Ssd cache issue

to add to my comment above, resetting the cache (options 2 and 3) and restarting cryosparc had no effect.

Hi all,

Thank you for posting about these issues relating to the caching system. We are looking into them on our end.

1 Like

HI @nwong I just wanted to say that on my instance this caching issue has been mitigated for the last few days. I noticed that my master node had a lot of swapping activity so I rebooted it. It had been up for over 180 days. After rebooting the caching error has not reapeared nor have I seen the high swapping activity.

@Jason,
Could you send the output of
csm cli "get_scheduler_targets()"
as well as specify which worker nodes run into cache issues?

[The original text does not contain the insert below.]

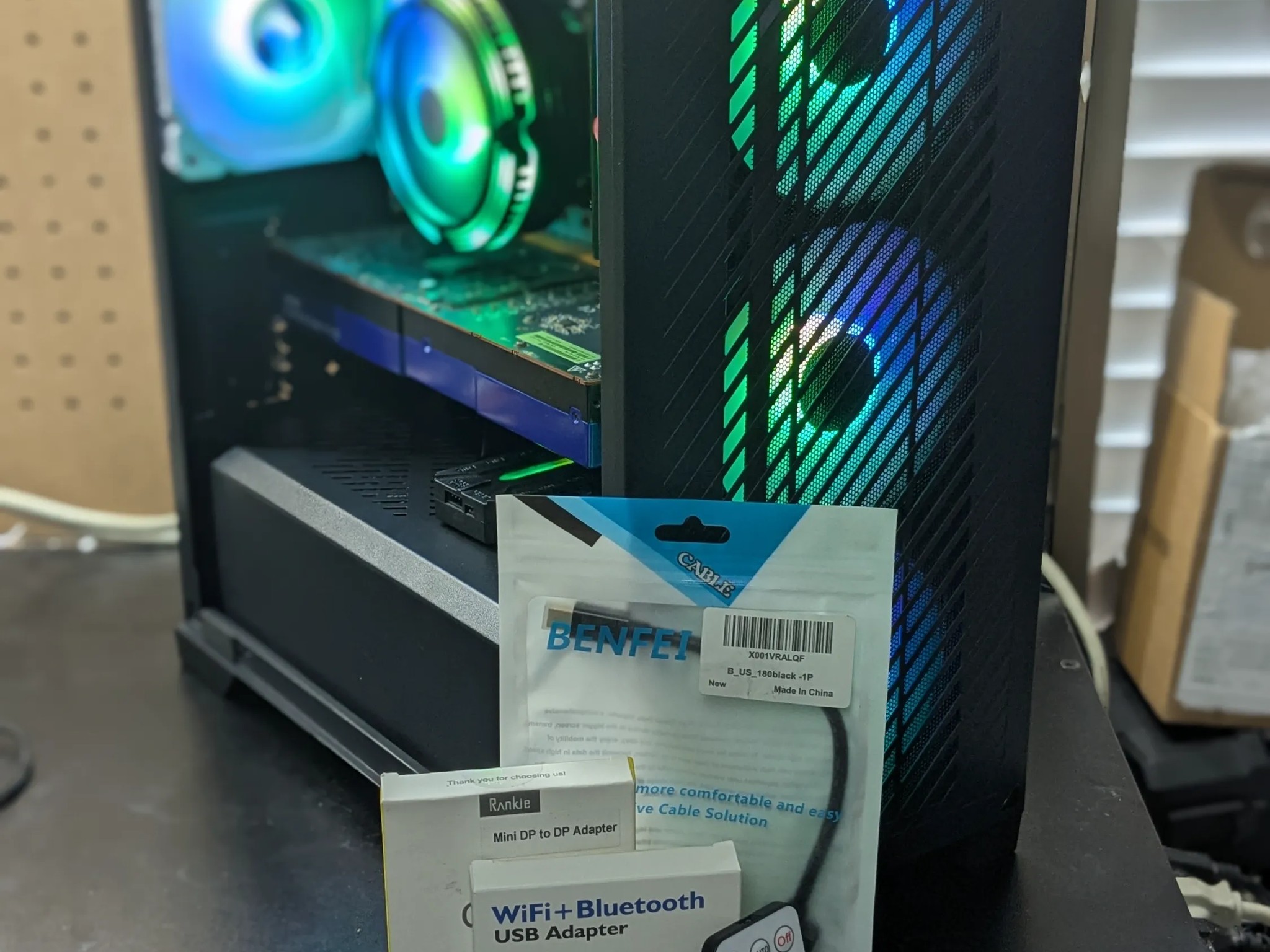 Workstation Gamer | 8 Core Xeon (same as i7), 32GB RAM, 8GB AMD W5700, 480GB SSD, Win11, RGB, Wifi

I’m also interested in if the master node is also being used as a GPU worker node. We currently suspect some caching issues may be related to master nodes being overloaded and unable to respond to worker cache requests.

@donghuachen,
Similarly to my response to Jason, could you send us the output of csm cli "get_scheduler_targets()"? Is there any indication of the master node being overloaded on your system when the cache is active?

@frozenfas,
Glad to hear it’s working for you again. Please let us know if there is a pattern with the master node swapping and cache system failure, as well as if restarting resolves the issue if it happens again in the future.

1 Like

@nwong all the workers have issues. Most prominently affected are Athena, Poseidon and Hydra. The master (Cerebro) is not being used as a GPU worker node. Here is the output you requested:

cryosparc_user@cerebro:~$ cryosparcm cli “get_scheduler_targets()”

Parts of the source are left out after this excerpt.